## PROMPT
Reproduce the listing below in full and exactly; no pictures belong in the copy.
=== MATERIAL SHOWN ===
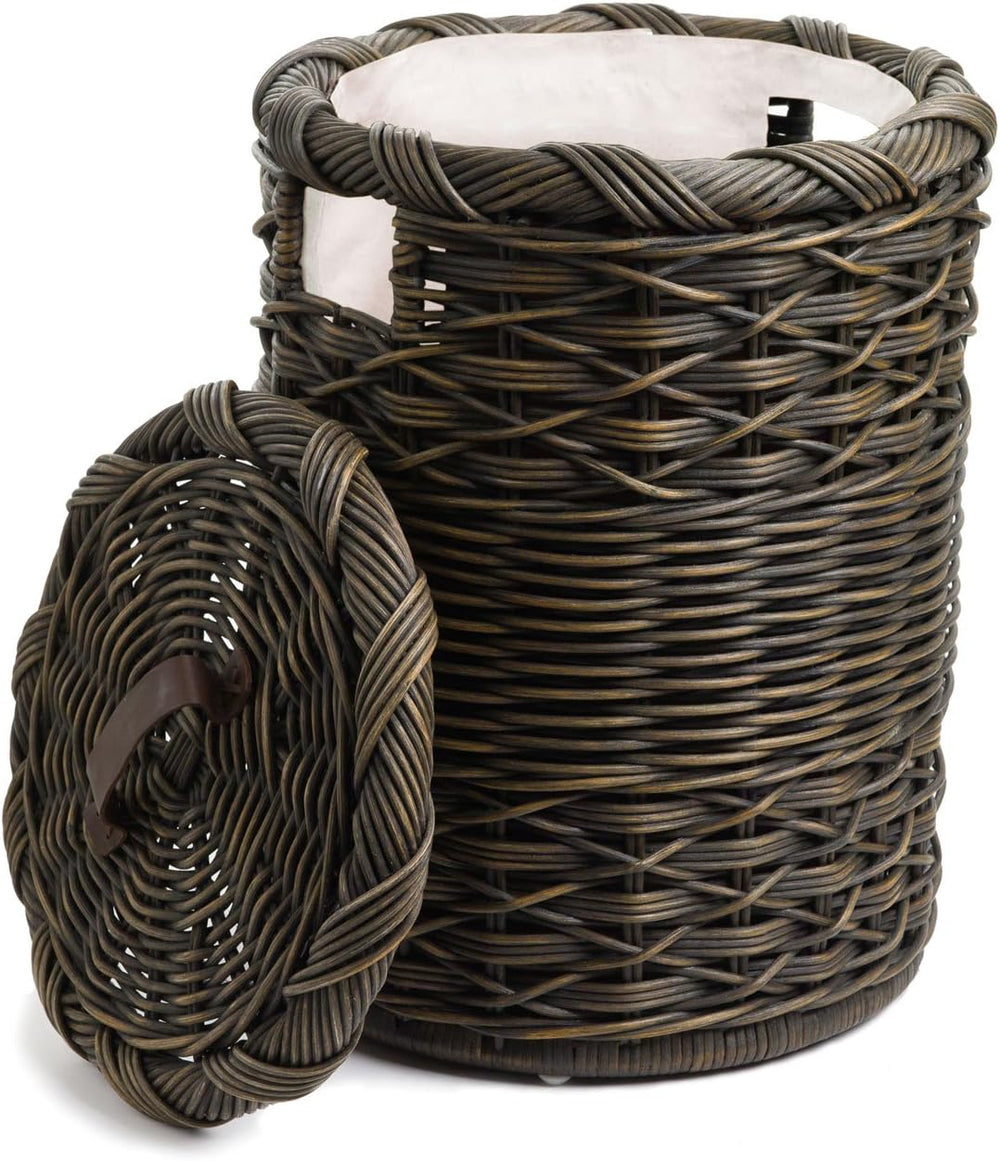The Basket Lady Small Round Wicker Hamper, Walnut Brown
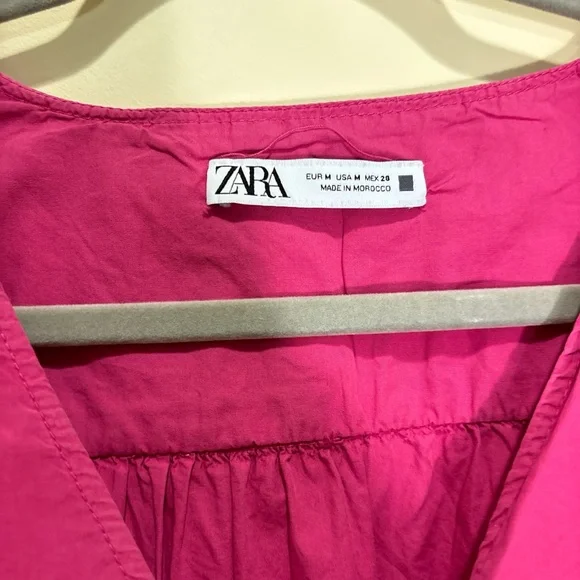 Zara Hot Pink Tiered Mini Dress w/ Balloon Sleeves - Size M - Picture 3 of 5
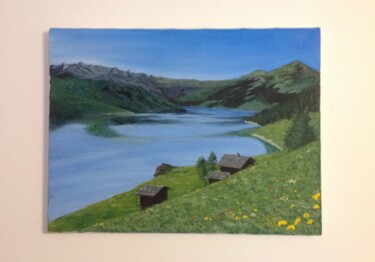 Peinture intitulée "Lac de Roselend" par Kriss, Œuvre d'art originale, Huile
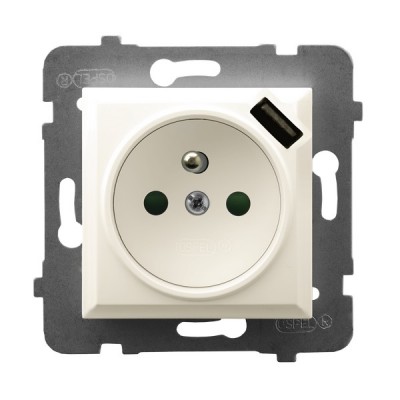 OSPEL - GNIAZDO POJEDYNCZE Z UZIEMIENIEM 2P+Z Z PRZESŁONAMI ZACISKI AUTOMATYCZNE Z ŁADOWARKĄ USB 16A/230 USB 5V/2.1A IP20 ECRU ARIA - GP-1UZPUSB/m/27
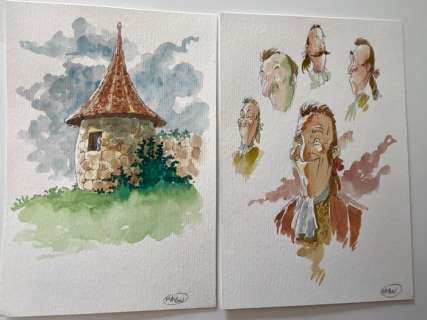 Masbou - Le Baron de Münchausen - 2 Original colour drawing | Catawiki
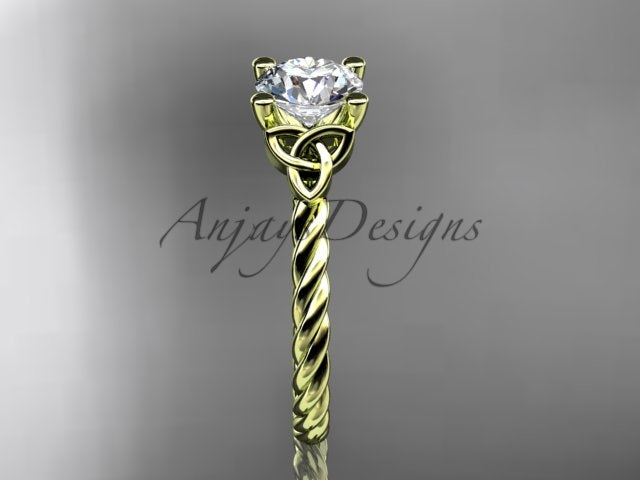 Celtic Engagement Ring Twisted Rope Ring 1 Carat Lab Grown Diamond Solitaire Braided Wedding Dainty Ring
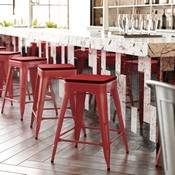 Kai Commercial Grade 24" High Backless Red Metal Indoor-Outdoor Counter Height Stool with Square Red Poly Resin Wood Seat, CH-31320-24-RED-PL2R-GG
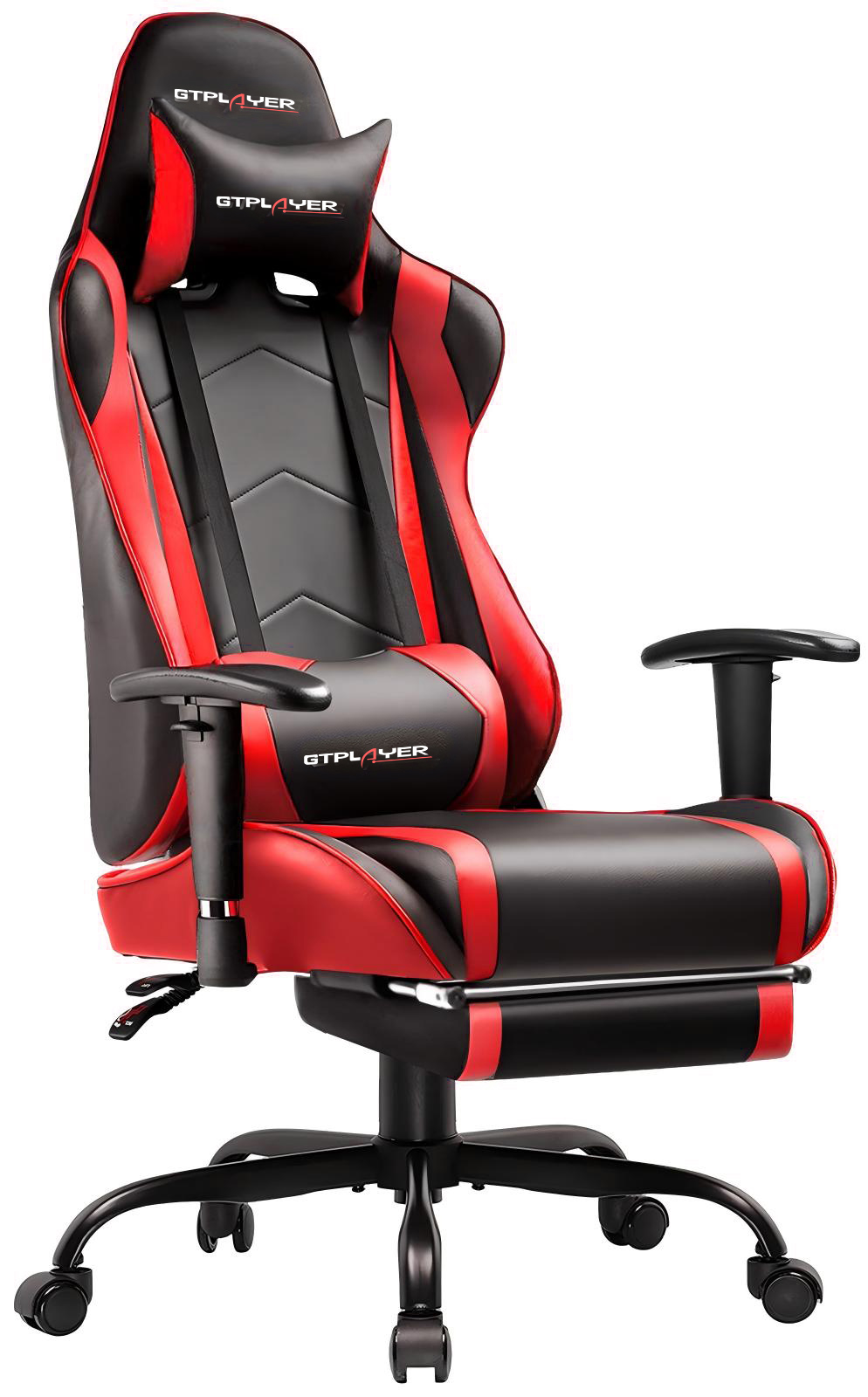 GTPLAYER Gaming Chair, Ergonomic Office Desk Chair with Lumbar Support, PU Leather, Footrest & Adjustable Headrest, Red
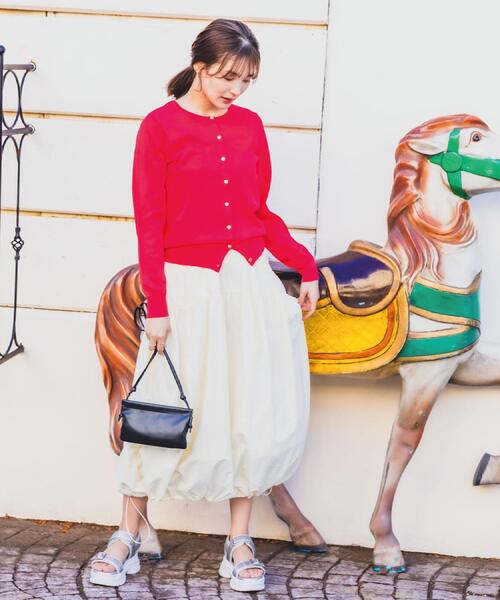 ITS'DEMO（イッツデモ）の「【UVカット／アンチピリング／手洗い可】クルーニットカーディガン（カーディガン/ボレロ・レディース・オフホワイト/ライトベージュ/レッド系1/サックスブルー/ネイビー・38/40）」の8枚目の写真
===
## ANSWER SECTION
The Basket Lady Small Round Wicker Hamper, Walnut Brown
 Zara Hot Pink Tiered Mini Dress w/ Balloon Sleeves - Size M - Picture 3 of 5
 Peinture intitulée "Lac de Roselend" par Kriss, Œuvre d'art originale, Huile
 OSPEL - GNIAZDO POJEDYNCZE Z UZIEMIENIEM 2P+Z Z PRZESŁONAMI ZACISKI AUTOMATYCZNE Z ŁADOWARKĄ USB 16A/230 USB 5V/2.1A IP20 ECRU ARIA - GP-1UZPUSB/m/27
 Masbou - Le Baron de Münchausen - 2 Original colour drawing | Catawiki
 Celtic Engagement Ring Twisted Rope Ring 1 Carat Lab Grown Diamond Solitaire Braided Wedding Dainty Ring
 Kai Commercial Grade 24" High Backless Red Metal Indoor-Outdoor Counter Height Stool with Square Red Poly Resin Wood Seat, CH-31320-24-RED-PL2R-GG
 GTPLAYER Gaming Chair, Ergonomic Office Desk Chair with Lumbar Support, PU Leather, Footrest & Adjustable Headrest, Red
 ITS'DEMO（イッツデモ）の「【UVカット／アンチピリング／手洗い可】クルーニットカーディガン（カーディガン/ボレロ・レディース・オフホワイト/ライトベージュ/レッド系1/サックスブルー/ネイビー・38/40）」の8枚目の写真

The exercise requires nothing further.